Nietzsche: Will to Power dan Will to Übermensch

Friedrich Wilhelm Nietzsche, Will to Power, Ubermensch

“Jika engkau haus akan kedamaian jiwa dan kebahagiaan, maka percayalah!
Jika engkau ingin menjadi murid kebenaran, maka carilah!”
(surat Nietzsche kepada ibunya)

Pena Laut - Di tengah padang savana dunia, manusia terus mencari telaga-telaga yang menuntaskan dahaga pengetahuan untuk terus melampaui etape-etape kejumudan. Menggunakan orisinalitas akal budi dan pemetaan yang jelas, tentu membantu perjalanan panjang manusia yang tidak dapat dihentikan begitu saja di persimpangan jalan. Tidak ada yang tahu, konsep apa yang menjadi spirit mereka dalam menelusuri setapak demi setapak bagaikan hamba yang terbelenggu deretan rantai. Prinsip, penelaahan, dan falsifikasi yang dibuat manusia—dengan sengaja—terlihat plural, hetero, dan multi-perspektif.

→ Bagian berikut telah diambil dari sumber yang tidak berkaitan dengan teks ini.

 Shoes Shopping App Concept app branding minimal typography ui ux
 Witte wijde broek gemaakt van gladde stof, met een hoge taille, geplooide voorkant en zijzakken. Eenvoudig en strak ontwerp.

Pluralitas pandangan manusia di setiap golongan atau komunitas tertentu, niscaya akan menemukan superioritasnya dalam menjalani hidup yang penuh dengan ketidakpastian dan ketidakseimbangan. Menjaga ekuivalensi bineritas adalah salah satu kemauan manusia untuk terus berusaha menguasai alam semesta dengan berbagai cara dan konsep yang abstrak. Salah satu alat yang canggih, menjanjikan, dan tidak terelakkan adalah ilmu pengetahuan (science). Sejak manusia menyadari bahwa realitas ternyata tidak sesuai dengan kredo dan korpus tertulis yang diyakini—atau diketahui—mayoritas manusia, secara prinsipil hal tersebut mendorong manusia untuk menantang kemapanan sistem yang telah diberlakukan bertahun-tahun lamanya, khususnya yang dibuat oleh stuktur kekuasaan. Kekuasaan, menurut Foucault, tidak hanya dilihat sebagai entitas di dalam sebuah negara—yang bersifat hierarkis, melainkan ia bertebaran, centang perenang, dan sifatnya diseminatif di dalam realitas kehidupan manusia. Atau, secara sederhana, subjektivitas manusia juga berpotensi menghegemoni atau berkuasa atas yang lain.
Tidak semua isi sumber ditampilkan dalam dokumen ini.